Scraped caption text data
———

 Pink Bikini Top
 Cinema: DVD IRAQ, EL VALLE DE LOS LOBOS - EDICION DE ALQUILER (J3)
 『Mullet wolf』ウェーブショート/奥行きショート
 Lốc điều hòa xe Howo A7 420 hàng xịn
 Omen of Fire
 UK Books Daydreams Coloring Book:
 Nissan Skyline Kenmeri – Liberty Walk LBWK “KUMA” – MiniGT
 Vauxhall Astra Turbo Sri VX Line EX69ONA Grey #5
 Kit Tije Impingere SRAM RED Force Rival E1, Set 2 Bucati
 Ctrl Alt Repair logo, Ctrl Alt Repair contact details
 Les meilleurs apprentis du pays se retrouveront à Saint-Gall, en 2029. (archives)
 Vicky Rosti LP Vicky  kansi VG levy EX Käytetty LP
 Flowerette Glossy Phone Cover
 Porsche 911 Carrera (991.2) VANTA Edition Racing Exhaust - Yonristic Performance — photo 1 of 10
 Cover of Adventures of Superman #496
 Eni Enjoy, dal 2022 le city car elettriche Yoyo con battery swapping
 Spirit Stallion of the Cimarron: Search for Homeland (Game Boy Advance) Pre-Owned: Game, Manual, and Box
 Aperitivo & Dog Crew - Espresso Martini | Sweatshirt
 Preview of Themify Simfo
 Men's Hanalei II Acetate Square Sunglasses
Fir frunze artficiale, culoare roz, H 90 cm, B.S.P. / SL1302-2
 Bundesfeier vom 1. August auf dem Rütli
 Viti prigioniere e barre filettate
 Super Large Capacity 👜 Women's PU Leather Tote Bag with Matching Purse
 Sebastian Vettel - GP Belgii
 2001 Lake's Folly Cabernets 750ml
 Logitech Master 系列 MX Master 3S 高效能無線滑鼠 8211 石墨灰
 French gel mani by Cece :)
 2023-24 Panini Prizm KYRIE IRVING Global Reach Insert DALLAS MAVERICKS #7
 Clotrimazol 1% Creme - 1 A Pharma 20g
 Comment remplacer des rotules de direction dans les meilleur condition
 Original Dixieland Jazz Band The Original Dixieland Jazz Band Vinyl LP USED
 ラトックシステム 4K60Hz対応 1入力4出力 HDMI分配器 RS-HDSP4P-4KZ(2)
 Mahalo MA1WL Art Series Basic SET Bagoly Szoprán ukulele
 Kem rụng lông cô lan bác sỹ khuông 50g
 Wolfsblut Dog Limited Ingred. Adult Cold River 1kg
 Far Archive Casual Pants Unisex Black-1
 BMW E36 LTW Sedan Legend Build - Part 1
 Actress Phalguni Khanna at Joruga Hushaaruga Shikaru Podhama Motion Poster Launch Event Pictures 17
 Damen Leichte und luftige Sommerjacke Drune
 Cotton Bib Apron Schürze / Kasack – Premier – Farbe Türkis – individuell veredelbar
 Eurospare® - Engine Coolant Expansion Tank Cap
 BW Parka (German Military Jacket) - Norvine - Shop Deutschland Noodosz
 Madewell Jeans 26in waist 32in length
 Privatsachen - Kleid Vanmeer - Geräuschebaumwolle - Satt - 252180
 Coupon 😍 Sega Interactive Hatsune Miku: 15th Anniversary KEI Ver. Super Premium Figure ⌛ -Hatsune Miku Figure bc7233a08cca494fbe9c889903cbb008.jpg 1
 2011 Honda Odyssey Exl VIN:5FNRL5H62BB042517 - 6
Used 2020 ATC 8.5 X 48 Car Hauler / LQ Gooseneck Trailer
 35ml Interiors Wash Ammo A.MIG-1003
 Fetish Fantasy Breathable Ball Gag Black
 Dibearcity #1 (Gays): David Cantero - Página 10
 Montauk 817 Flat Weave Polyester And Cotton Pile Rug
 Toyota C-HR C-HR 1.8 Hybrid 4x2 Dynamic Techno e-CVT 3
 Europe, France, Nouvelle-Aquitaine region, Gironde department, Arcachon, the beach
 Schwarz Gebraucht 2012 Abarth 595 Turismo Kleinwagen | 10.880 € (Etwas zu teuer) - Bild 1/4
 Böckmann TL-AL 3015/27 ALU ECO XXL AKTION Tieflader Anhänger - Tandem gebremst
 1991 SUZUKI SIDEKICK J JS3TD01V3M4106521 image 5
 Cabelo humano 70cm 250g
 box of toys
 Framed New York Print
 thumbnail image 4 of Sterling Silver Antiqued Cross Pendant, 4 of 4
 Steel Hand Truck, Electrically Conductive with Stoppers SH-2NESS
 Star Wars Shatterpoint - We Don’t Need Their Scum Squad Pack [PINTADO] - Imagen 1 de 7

———

* _To do_: Would you filter the records and copy out each line containing "Cover"?

* _Completed task_:
 Flowerette Glossy Phone Cover
 Cover of Adventures of Superman #496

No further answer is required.